Everything from the line containing "THE NINTH APPOLO" through the end of the entries below must be set down exactly, and nothing else.

■ **Data section**
------------

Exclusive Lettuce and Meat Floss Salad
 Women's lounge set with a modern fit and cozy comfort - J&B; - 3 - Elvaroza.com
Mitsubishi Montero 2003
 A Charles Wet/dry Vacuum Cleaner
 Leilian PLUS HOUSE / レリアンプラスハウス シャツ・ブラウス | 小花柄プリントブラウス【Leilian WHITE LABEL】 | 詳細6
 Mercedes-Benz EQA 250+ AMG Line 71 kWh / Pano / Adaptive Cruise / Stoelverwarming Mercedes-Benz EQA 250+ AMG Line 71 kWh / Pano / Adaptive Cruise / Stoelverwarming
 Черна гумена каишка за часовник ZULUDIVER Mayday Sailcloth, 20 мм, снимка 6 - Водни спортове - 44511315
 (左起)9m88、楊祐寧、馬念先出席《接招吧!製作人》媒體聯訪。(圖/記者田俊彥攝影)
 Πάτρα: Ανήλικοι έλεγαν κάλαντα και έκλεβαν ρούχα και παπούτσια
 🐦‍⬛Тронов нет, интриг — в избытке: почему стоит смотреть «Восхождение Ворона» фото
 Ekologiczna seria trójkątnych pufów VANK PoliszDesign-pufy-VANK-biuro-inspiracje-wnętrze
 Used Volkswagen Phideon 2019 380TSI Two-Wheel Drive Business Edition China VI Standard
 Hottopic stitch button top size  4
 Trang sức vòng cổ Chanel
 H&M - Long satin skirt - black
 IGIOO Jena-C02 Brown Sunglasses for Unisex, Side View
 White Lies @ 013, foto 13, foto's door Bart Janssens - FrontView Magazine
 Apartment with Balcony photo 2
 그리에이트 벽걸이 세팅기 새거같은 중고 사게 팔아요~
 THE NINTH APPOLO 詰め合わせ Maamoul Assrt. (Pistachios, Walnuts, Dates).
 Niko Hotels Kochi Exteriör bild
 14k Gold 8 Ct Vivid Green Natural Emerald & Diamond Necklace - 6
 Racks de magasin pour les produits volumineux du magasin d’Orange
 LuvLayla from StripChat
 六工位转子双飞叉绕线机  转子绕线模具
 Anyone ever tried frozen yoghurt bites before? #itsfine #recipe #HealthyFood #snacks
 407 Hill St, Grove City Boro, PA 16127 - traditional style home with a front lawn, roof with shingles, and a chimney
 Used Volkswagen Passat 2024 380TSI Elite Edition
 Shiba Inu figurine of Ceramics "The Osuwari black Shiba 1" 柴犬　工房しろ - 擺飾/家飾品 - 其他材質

------------

■ **Solution for this exercise**
 THE NINTH APPOLO 詰め合わせ Maamoul Assrt. (Pistachios, Walnuts, Dates).
 Niko Hotels Kochi Exteriör bild
 14k Gold 8 Ct Vivid Green Natural Emerald & Diamond Necklace - 6
 Racks de magasin pour les produits volumineux du magasin d’Orange
 LuvLayla from StripChat
 六工位转子双飞叉绕线机  转子绕线模具
 Anyone ever tried frozen yoghurt bites before? #itsfine #recipe #HealthyFood #snacks
 407 Hill St, Grove City Boro, PA 16127 - traditional style home with a front lawn, roof with shingles, and a chimney
 Used Volkswagen Passat 2024 380TSI Elite Edition
 Shiba Inu figurine of Ceramics "The Osuwari black Shiba 1" 柴犬　工房しろ - 擺飾/家飾品 - 其他材質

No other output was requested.